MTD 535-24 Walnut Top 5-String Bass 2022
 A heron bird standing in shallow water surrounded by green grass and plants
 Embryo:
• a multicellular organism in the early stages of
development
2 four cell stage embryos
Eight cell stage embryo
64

◇ ◇ ◇

Retype word for word the line above with "early stages of" and all lines after it, nothing else.

■ **RESPONSE**:
• a multicellular organism in the early stages of
development
2 four cell stage embryos
Eight cell stage embryo
64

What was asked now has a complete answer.